# PROBLEM TO WORK ON
Could you please repeat the data below word for word?

# EXTRACTED MATERIAL
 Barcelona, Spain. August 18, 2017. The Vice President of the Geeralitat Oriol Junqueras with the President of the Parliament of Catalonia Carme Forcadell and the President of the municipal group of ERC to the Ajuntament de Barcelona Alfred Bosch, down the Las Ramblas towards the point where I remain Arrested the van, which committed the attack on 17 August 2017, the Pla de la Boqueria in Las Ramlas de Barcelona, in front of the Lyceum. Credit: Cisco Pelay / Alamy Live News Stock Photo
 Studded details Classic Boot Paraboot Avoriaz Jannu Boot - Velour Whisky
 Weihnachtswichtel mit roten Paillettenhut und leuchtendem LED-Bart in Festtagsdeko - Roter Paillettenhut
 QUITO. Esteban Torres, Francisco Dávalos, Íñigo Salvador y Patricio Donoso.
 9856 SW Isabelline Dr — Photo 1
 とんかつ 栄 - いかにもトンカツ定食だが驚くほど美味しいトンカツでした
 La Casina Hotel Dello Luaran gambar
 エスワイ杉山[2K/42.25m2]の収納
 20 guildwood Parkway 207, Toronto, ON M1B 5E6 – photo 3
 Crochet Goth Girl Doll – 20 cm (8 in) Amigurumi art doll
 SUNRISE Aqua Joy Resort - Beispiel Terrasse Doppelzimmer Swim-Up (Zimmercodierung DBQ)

# SOLUTION
 Barcelona, Spain. August 18, 2017. The Vice President of the Geeralitat Oriol Junqueras with the President of the Parliament of Catalonia Carme Forcadell and the President of the municipal group of ERC to the Ajuntament de Barcelona Alfred Bosch, down the Las Ramblas towards the point where I remain Arrested the van, which committed the attack on 17 August 2017, the Pla de la Boqueria in Las Ramlas de Barcelona, in front of the Lyceum. Credit: Cisco Pelay / Alamy Live News Stock Photo
 Studded details Classic Boot Paraboot Avoriaz Jannu Boot - Velour Whisky
 Weihnachtswichtel mit roten Paillettenhut und leuchtendem LED-Bart in Festtagsdeko - Roter Paillettenhut
 QUITO. Esteban Torres, Francisco Dávalos, Íñigo Salvador y Patricio Donoso.
 9856 SW Isabelline Dr — Photo 1
 とんかつ 栄 - いかにもトンカツ定食だが驚くほど美味しいトンカツでした
 La Casina Hotel Dello Luaran gambar
 エスワイ杉山[2K/42.25m2]の収納
 20 guildwood Parkway 207, Toronto, ON M1B 5E6 – photo 3
 Crochet Goth Girl Doll – 20 cm (8 in) Amigurumi art doll
 SUNRISE Aqua Joy Resort - Beispiel Terrasse Doppelzimmer Swim-Up (Zimmercodierung DBQ)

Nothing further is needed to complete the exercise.